> _Exercise requirements_
Give the data again in full, without pictures.

> _Recorded data_
=-=-=
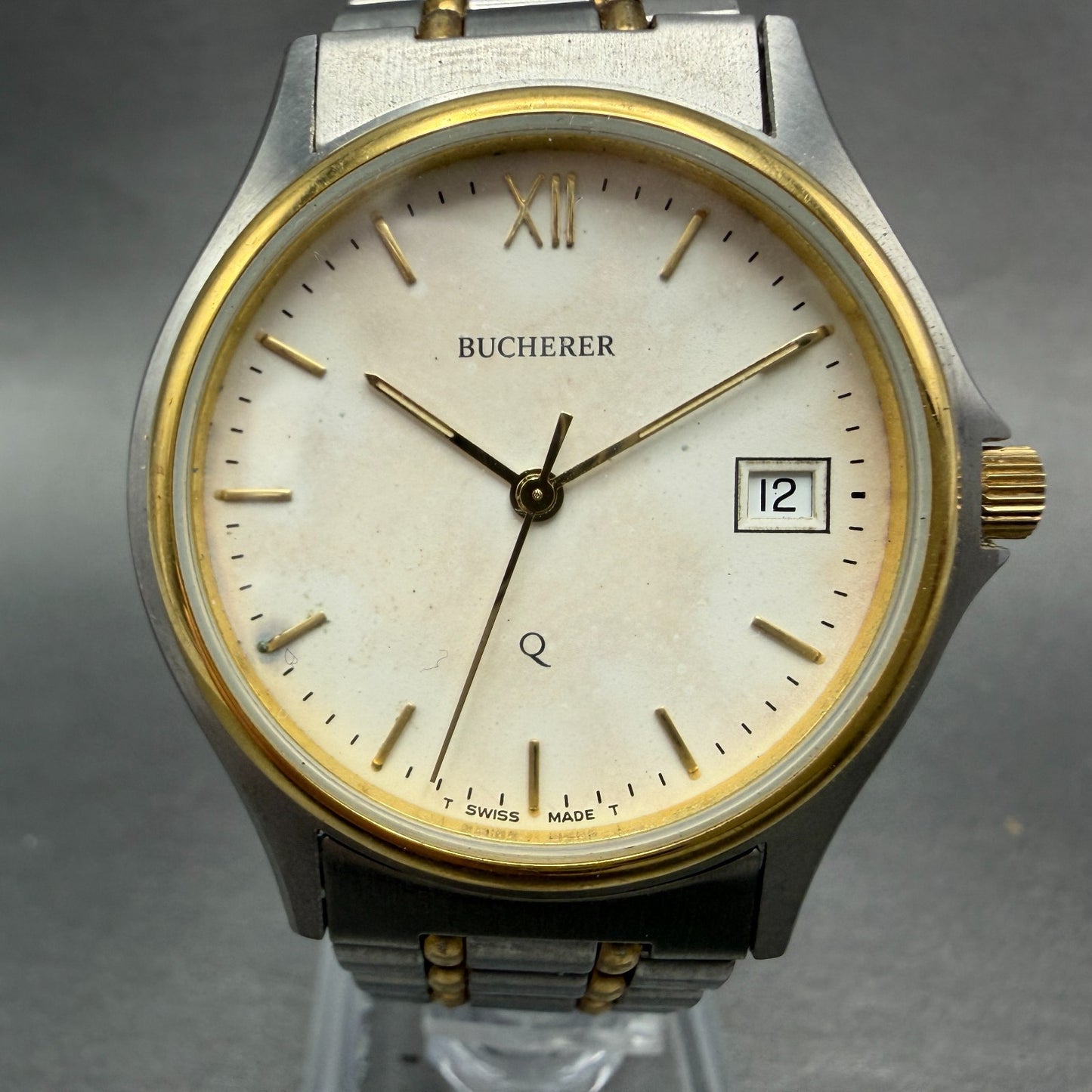 Bucherer Q Watch Men 36mm White Dial Two Tone Date Round 1.1471.0.82 PARTS0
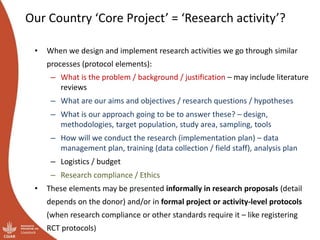 Enhancing quality of research 4 development: Initial ideas for design and implementation of the integrated core projects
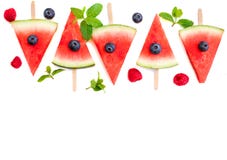Watermelon slice popsicles frame isolated on white background. Stock Images Watermelon slice popsicles frame isolated on white background. Stock Images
=-=-=
> _Response below_
 Bucherer Q Watch Men 36mm White Dial Two Tone Date Round 1.1471.0.82 PARTS0
 Enhancing quality of research 4 development: Initial ideas for design and implementation of the integrated core projects
Watermelon slice popsicles frame isolated on white background. Stock Images Watermelon slice popsicles frame isolated on white background. Stock Images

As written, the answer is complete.